Jeppe Kofod a déclaré de son côté que la résolution du conflit intervenait au moment où l'ordre international fondé sur le droit se trouve sous pression et que les valeurs démocratiques sont attaquées, en référence à la guerre en Ukraine.

Par contraste, nous avons démontré de quelle façon des différends de longue date peuvent être résolus pacifiquement en suivant les règles, a-t-il déclaré, ajoutant qu'il espérait inspirer d'autres pays à suivre la même voie.

L'île Hans, d'une superficie de 1,3 km carré, est située entre l'île d'Ellesmere dans le nord du Canada, et le Groenland, territoire danois.
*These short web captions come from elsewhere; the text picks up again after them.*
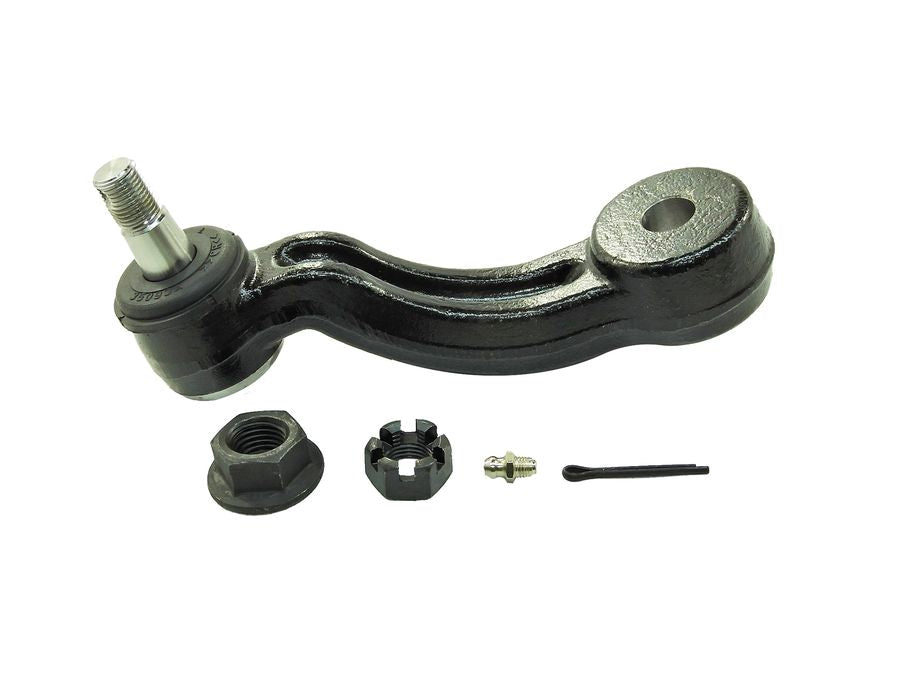 BAW-IM014 BRAZO AUXILIAR PARA CADILLAC ESCALADE BASE 5.7 8 1999-2000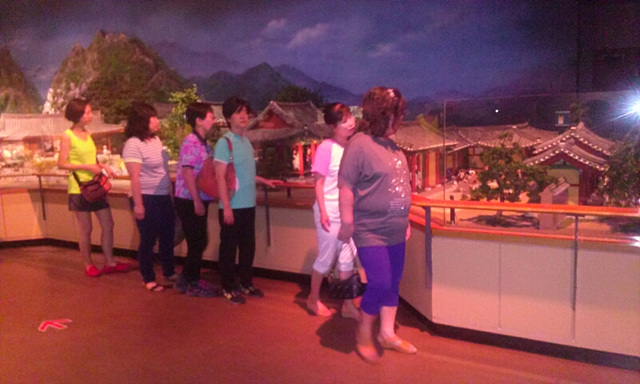 125 2014-10-20 - 2.jpg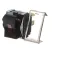 801-1815 - ROCKER SWITCH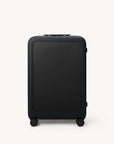 moln行李箱 (預訂) | moln Luggage (Pre-Order)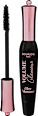 Szempillaspirál, Volume Glamour Ultra Volumateur - Nr. 01 Black BOURJOIS PARIS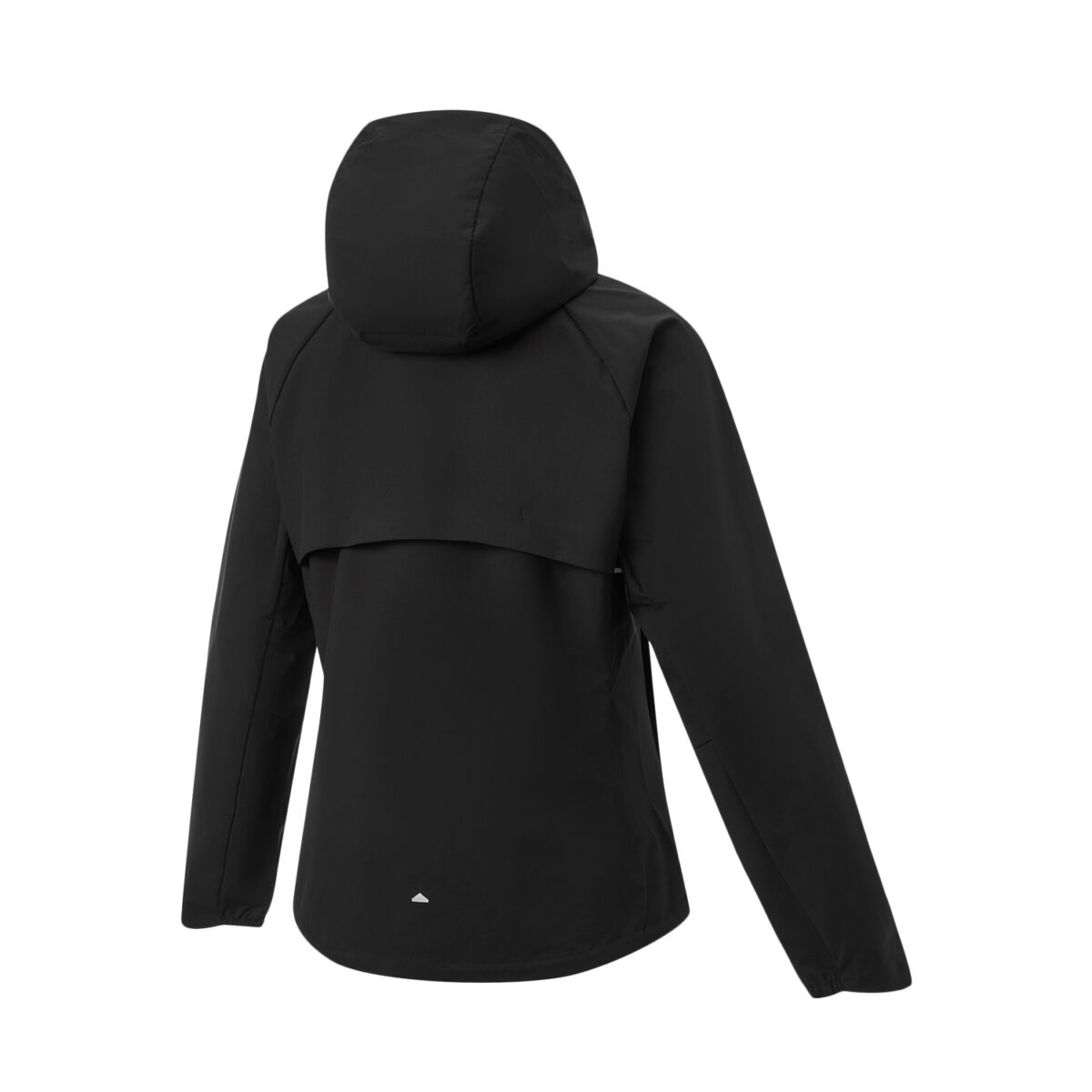 Bigpicture ru afdw784 1 mxk white 2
Le différend remonte à 1973, quand une frontière maritime a été tracée entre les deux pays.

Carte géographique montrant l'emplacement de l'île.
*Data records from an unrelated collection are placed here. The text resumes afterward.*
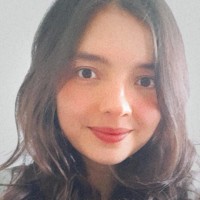Angélica Susana Fernández Castañeda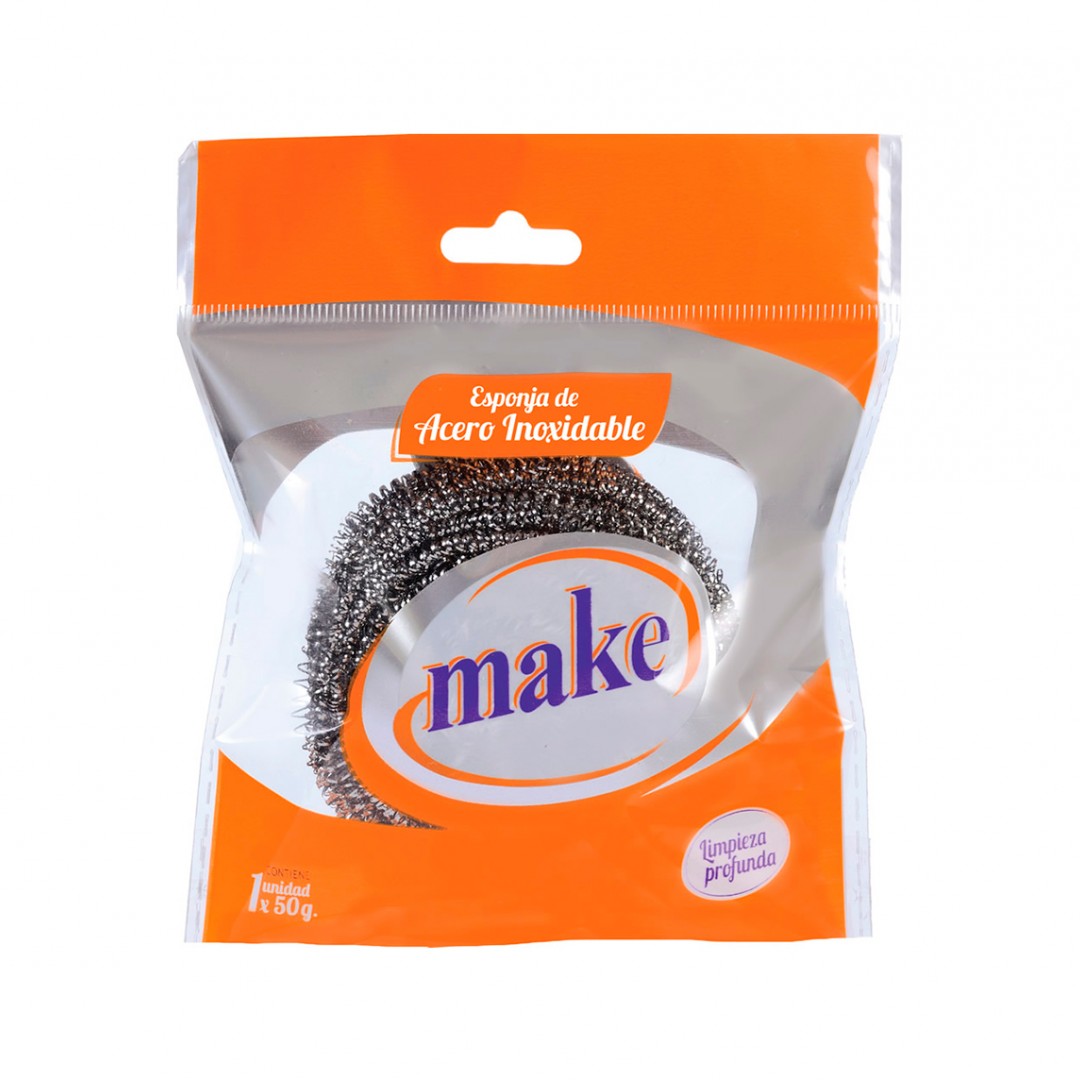 esponja-acero-inoxi-x-50-grs-mak226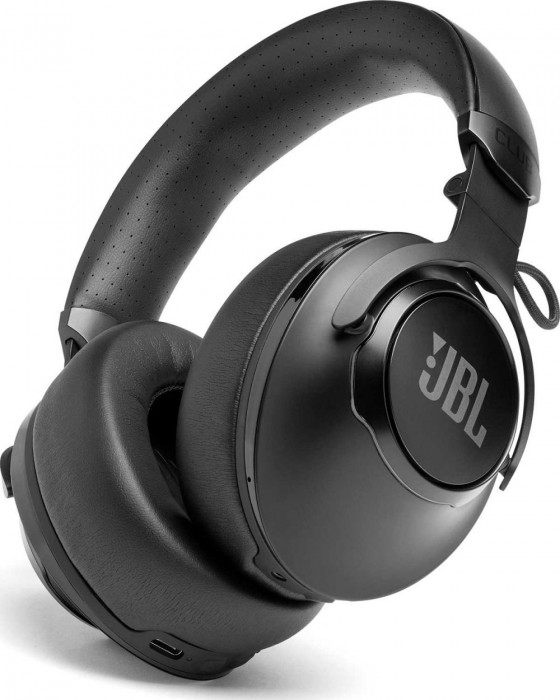JBL Club 950NC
L'île Tartupaluk, ou Hans, est un rocher inhabité situé dans le détroit de Nares, entre le Groenland et le Canada.

Photo : Radio-Canada

Les Danois et les Canadiens se sont rendus à tour de rôle par hélicoptère sur l'île pour revendiquer le territoire, ce qui a mené à des protestations diplomatiques, à des campagnes en ligne, et même à des appels au Canada à boycotter les viennoiseries danoises.

Au cours de ces visites, chaque camp plantait un drapeau et laissait derrière lui une bouteille de whisky ou de schnapps à destination de l'autre partie.
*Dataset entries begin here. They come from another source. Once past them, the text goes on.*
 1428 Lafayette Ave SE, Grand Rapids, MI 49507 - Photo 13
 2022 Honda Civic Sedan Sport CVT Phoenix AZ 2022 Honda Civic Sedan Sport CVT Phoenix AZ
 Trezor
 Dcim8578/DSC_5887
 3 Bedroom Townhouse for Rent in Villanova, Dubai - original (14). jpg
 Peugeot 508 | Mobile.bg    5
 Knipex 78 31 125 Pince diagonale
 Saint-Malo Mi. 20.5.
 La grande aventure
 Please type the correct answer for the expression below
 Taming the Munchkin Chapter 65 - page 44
Alors qu'ils échangeaient des bouteilles mardi, Mélanie Joly et Jeppe Kofod se sont amusés à l'idée que le Canada pourrait rejoindre l'Union européenne à présent que les deux entités partageaient une frontière terrestre.

Six marins danois et leur capitaine posent avec le drapeau du Danemark hissé au sommet d'un mât, près de la mer, sur un sol rocailleux.

L'équipage du vaisseau danois Vedderen tient une cérémonie de levée du drapeau sur l'île inhabitée Hans, au large du Groenland, le 13 août 2002.

Photo : La Presse canadienne/AP Photo / Polfoto, Vedderen

Couverte de neige, l'île Hans est inhabitable, mais les effets du changement climatique amènent toujours plus de circulation maritime dans l'Arctique et l'ouvrent à davantage d'exploitation de ses ressources, notamment halieutiques.

Selon l'expert de l'Arctique Michael Byers, l'île est cependant si extraordinairement éloignée qu'il n'est pas rentable d'y envisager toute activité sérieuse.

Repousser sine die toute résolution à ce conflit inhabituel a longtemps représenté une bonne occasion de faire des effets de manche politiques pour chacune des parties, notamment avant des élections.

C'était un différend de souveraineté entièrement dépourvu de risques, entre deux alliés de l'OTAN, autour d'une île minuscule et sans importance, explique ainsi Michael Byers à l'AFP.

Le Danemark craignait également que le fait de perdre cette bataille à propos de l'île Hans saperait ses relations avec le Groenland, tandis que le Canada s'inquiétait qu'une défaite affaiblisse ses positions de négociation avec les États-Unis dans un différend cette fois-ci bien plus conséquent, en mer de Beaufort, réputée comme étant riche en hydrocarbures.

Le premier ministre Justin Trudeau n'a pas fait de la souveraineté de l'Arctique une composante de son identité politique, selon Michael Byers, ce qui a permis de réduire la température, au moins du côté canadien.

Mais, de manière plus importante, la Russie a envahi l'Ukraine, et cela a créé le moment opportun pour dire au monde que les pays responsables s'entendaient sur leurs conflits territoriaux de manière pacifique, ajoute-t-il.